From: Konstantin Khlebnikov
Date: Mon Jan 21 2013 - 06:57:19 EST


This patch removes srcu-based protection from mmu-notitifier and collects all
synchronization in mmu_notifier_unregister()/mmu_notifier_release().

All mmu notifier methods are called either under mmap_sem or under one of rmap
locks: root anon vma lock or inode mmaping lock. Because they always operates in
particular vma and caller must protect it somehow. Thus we can use mmap_sem and
rmap locks for waiting for all currently running mmu-notifier methods.

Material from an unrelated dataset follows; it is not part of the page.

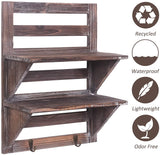 RHF Rustic Shelves Bathroom Shelf Over Toilet Wood Wall Mounted Shelves for Bathroom Floating Shelves Wall Shelves 2 Hooks 2-Tier,Hanging Shelf Organiser Rack,Bathroom Decor (Brown)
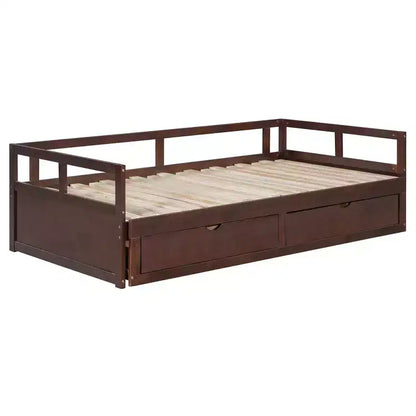 Lit de repos extensible en bois avec lit gigogne et deux tiroirs de rangement-ModernLuxe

This patch adds new helper function: mm_synchronize_all_locks(). This function
acquires and releases all rmap locks one by one, it much faster than sequence
mm_take_all_locks() - mm_drop_all_locks(). mm_synchronize_all_locks() needs only
mmap_sem read-lock, but caller must lock mmap_sem for write at least once to
synchronize with the rest operations which are protected with mmap_sem read-lock.

Signed-off-by: Konstantin Khlebnikov <khlebnikov@xxxxxxxxxx>
Cc: Andrea Arcangeli <aarcange@xxxxxxxxxx>
Cc: Andrew Morton <akpm@xxxxxxxxxxxxxxxxxxxx>
Cc: linux-mm@xxxxxxxxx
---
include/linux/mm.h | 1
include/linux/mmu_notifier.h | 1
mm/mmap.c | 26 ++++++++++++
mm/mmu_notifier.c | 91 ++++++++++++++----------------------------
4 files changed, 57 insertions(+), 62 deletions(-)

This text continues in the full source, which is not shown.